The power of child-parent correlations for risk factors for CVD, T2DM, and hypertension was illuminated by the finding between children at PFS (median age 39) and their parents at LRC (also median age 39) of significant mid-parent mid-offspring correlations for TG, HDLC, LDLC, BMI, and glucose.
Our findings are congruent with those of Schrott et al 49 who compared CHD and stroke mortality in family members identified by schoolchildren with high total cholesterol (≥ 95th percentile), mid-range total cholesterol (5th < TC < 95th percentile) and low total cholesterol (< 5th percentile) subsets of the Muscatine Iowa Study. Our report differs from that of Schrott et al, 49 focusing specifically on the parents, not the larger family, and on future development of CVD, not contemporaneous CVD status. Our findings are also consistent with earlier observations that coronary artery disease aggregates in families.50
Screening during childhood for risk factors for CVD, T2DM, and hypertension is valuable in prediction of parental disease, as well as an approach to primary prevention of CVD, T2DM, and hypertension in children as they become young adults. Pediatric risk factors for atherosclerosis are associated with young adult atherosclerotic lesions, 26,32 carotid intimal-medical thickening, 27-30 and cardiovascular disease (CVD) events. 31 Increased carotid intimal medial thickness (CIMT) in young adults is associated with high total cholesterol and hypertension in childhood. 33 CVD risk factor status in adolescence predicts increased CIMT in adulthood, independent of adult risk factors. 34 Children with the metabolic syndrome 35 are at 2 to 3 times the risk of having high CIMT and T2DM as adults compared with those free of the metabolic syndrome at youth. We have previously reported 31 that pediatric triglycerides were consistently and independently associated with CVD in the 4th-5th decade of life.

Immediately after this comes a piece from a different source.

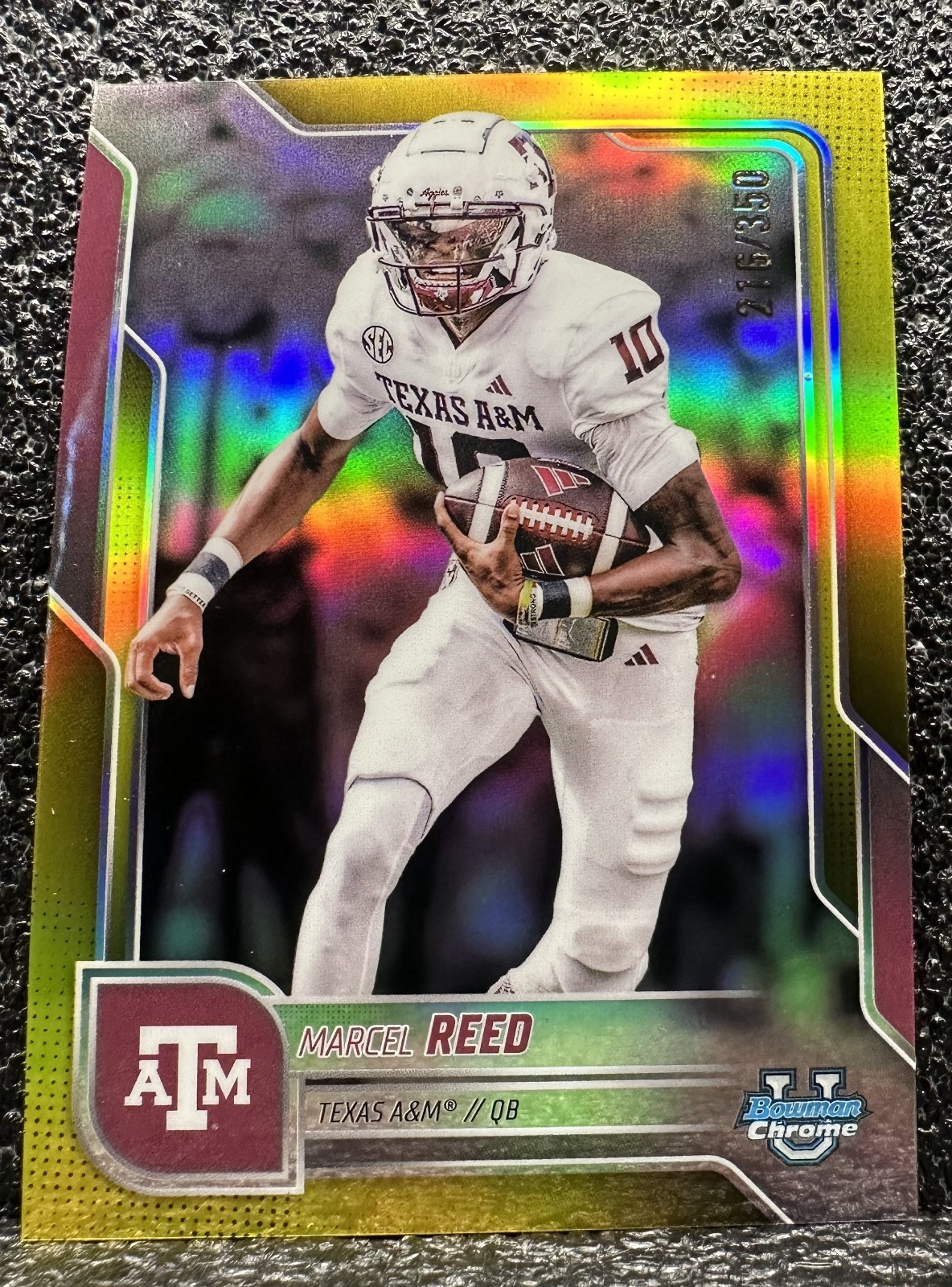 2025 Bowman Chrome University Football Yellow Refractor - 133 Marcel Reed /350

Pediatric risk factors identify families at risk for future parental CVD, T2DM, and HBP, in large degree due to underlying offspring-parent risk factor correlations. There is value in screening children for risk factors for CVD, T2DM, and HBP, with the child as the index case identifying families at increased risk for CVD, T2DM, and HBP. Moreover, increased risk factors for CVD, T2DM, and HBP in parents suggest increased risk factors in children, compared with their peers. The fact that risk for CVD, T2DM, and HBP runs in families, and neither pediatricians nor internists pay sufficient attention to this, is a public health issue of importance for both children and their parents.
Supported by National Institutes of Health (HL62394 to J.M.) and the Lipoprotein Research Fund of the Jewish Hospital of Cincinnati (to C.G. and P.W.).
The authors declare no conflicts of interest.